# Numbering of cases implied by a subset of Boolean vectors

In the course of a programming problem I stumbled upon the following sub-problem.

Given an arbitrary, but fixed, number of Boolean variables, I would like to be able to pick a subset of the variables and combine them in such a way that I get a numbering of the unique cases that the subset possesses.

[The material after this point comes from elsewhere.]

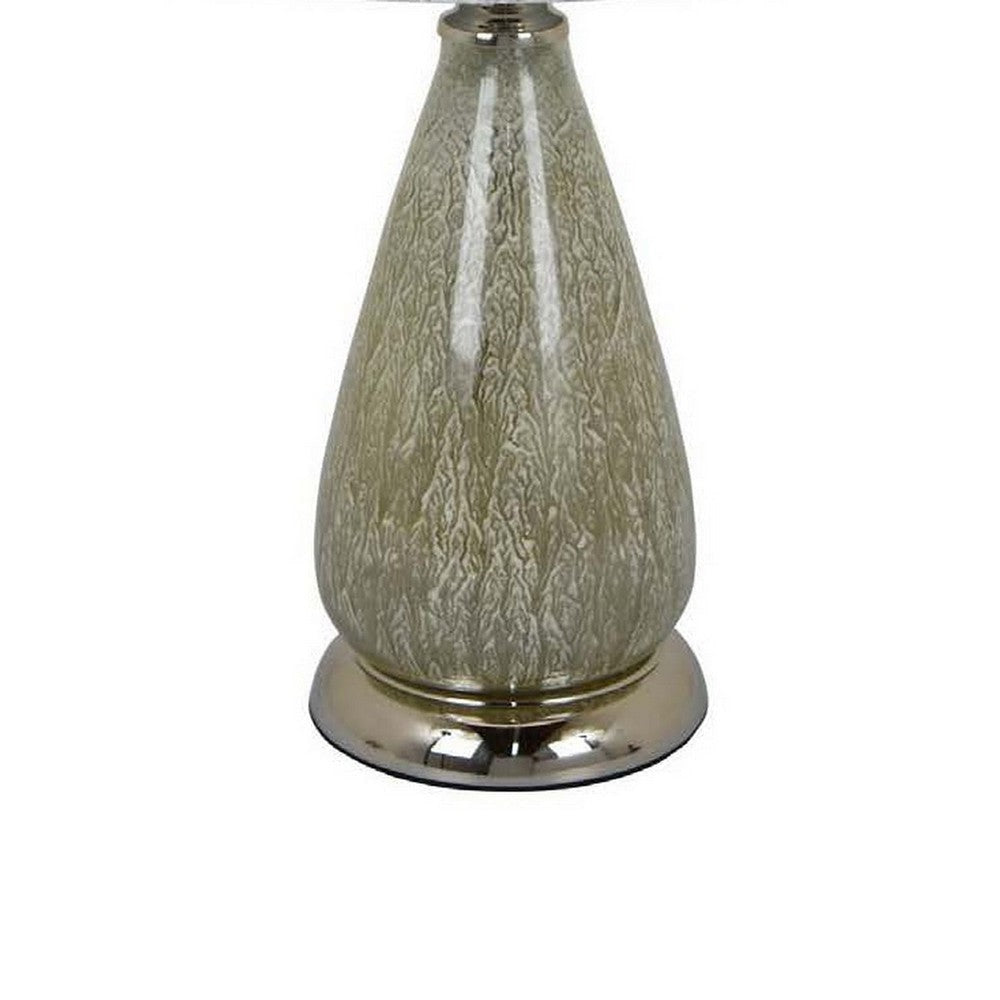 22 Inch Table Lamp Drum Shade Drop Style Glass Body Silver Finish By Casagear Home BM309825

To give an example, let $A, B, C$ be three Boolean variables. The truth table has the form

$$\begin{array} {|c|} \hline A & B & C \\ \hline 1 & 1 & 1 \\ \hline 0 & 1 & 1 \\ \hline 1 & 0 & 1 \\ \hline 0 & 0 & 1 \\ \hline 1 & 1 & 0 \\ \hline 0 & 1 & 0 \\ \hline 1 & 0 & 0 \\ \hline 0 & 0 & 0 \\ \hline \end{array}$$

Take the subset of variables to be $\{A,C\}$. It would be great to get a numbering of the different cases implied by $A$ and $C$ in the following way,

$$\begin{array} {|c|} \hline A & C & Numbering \\ \hline 1 & 1 & 1 \\ \hline 0 & 1 & 2 \\ \hline 1 & 1 & 1 \\ \hline 0 & 1 & 2 \\ \hline 1 & 0 & 3 \\ \hline 0 & 0 & 4 \\ \hline 1 & 0 & 3 \\ \hline 0 & 0 & 4 \\ \hline \end{array}$$

What would be the most efficient way to getting the vector containing the numbering of the different cases? I thought of generating the truth table, combining the truth values of the chosen variables into a unique symbol, i.e. the string consisting of the respective truth values, 1 1 -> "11", eliminating the redundant symbols in that vector and mapping back the indices of the symbols in that smaller vector to the symbols in the vector containing the redundant symbols.

However, that seems to be horribly inefficient. Is there a Mathematica-specific way to optimize this, possibly one which would allow it to be extended to multi-valued variables?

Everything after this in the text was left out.